Somewhere in that lot there are a group of Native Americans, led by the improbable names Poheetohee and his son Cawawkee. The disguised Polly saves the son and becomes a bit of a hero and the Native Americans and the landowners fight off and beat the pirates and hang Morano the leader, who turned out to be Macheath anyway, which means that even today if it were performed (which it won’t) the part of Morano/Macheath would have to be played by a man blacked up. Polly is devastated for about ten minutes before going off with Cawawkee.
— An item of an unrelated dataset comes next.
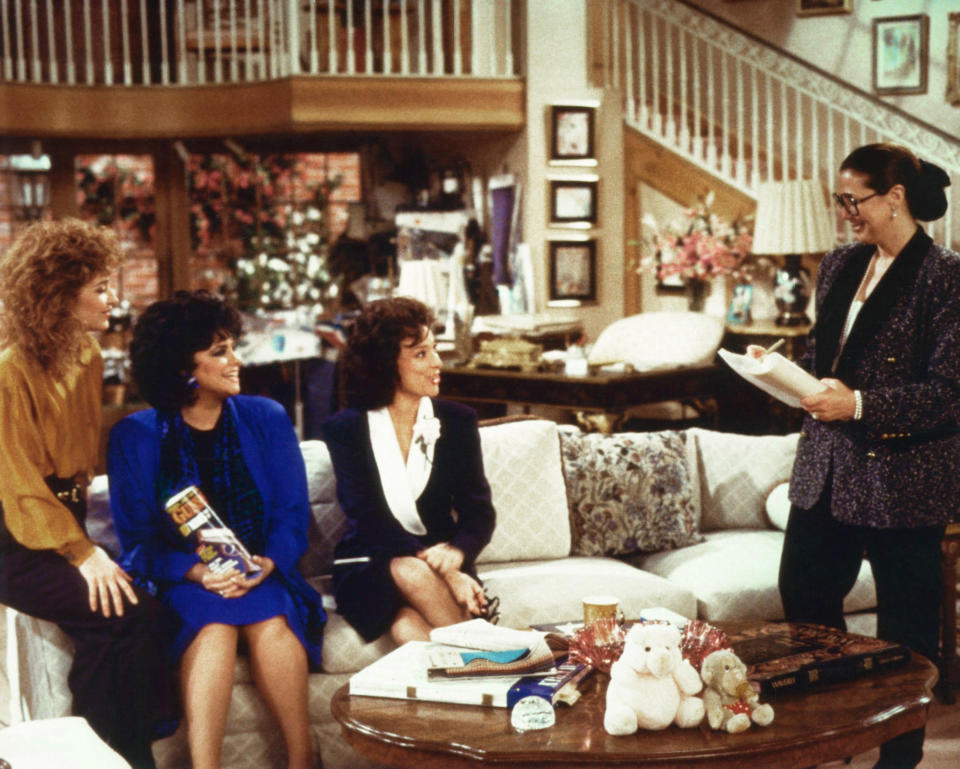 Linda Bloodworth Thomason (right) with (from left) Annie Potts, Delta Burke, and Dixie Carter on the set of <em>Designing Women</em>. (Photo: Columbia c/o Everett Collection)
Lavinia Fenton, the first Polly Peachum, later married a Duke smitten with her from the theatre

There are fewer big comic set pieces in this play and less deliciously amoral characters, but the satire, though less funny, is sharper and more incisive. There are still some lovely scenes, like the one where the landowner Mr Ducat is being taught the new vices imported from London or the one where the Native Americans find themselves completely lost with the way the English people talk to each other because the Native Americans are used to talking straight.
There is also a great pleasure in seeing Macheath again, this time in a much reduced state. Not only is he blacked up in the guise of Morano but his former lover/betrayer is completely controlling him to the extent that the pirates laugh and joke about him behind his back. It is almost a relief to see him hanged because everything that made him great and heroic in the first play has gone sour. I said in the review for ‘The Beggar’s Opera’ that Macheath is a James Bond figure, representing all that is both admirable and reprehensible in the concept of masculinity and manhood, but in this he is completely unmanned.



Talking of manhood, Polly spends part of the play disguised as a young man. Unfortunately she still doesn’t grow any balls and is quite dull company and that is the problem that affects this sequel, we miss the rogues from the first one.
So, to sum up, good - but not as good. I would like to see someone put it on though.
“A sequel to a play is like more last words. ‘Tis a kind of absurdity.”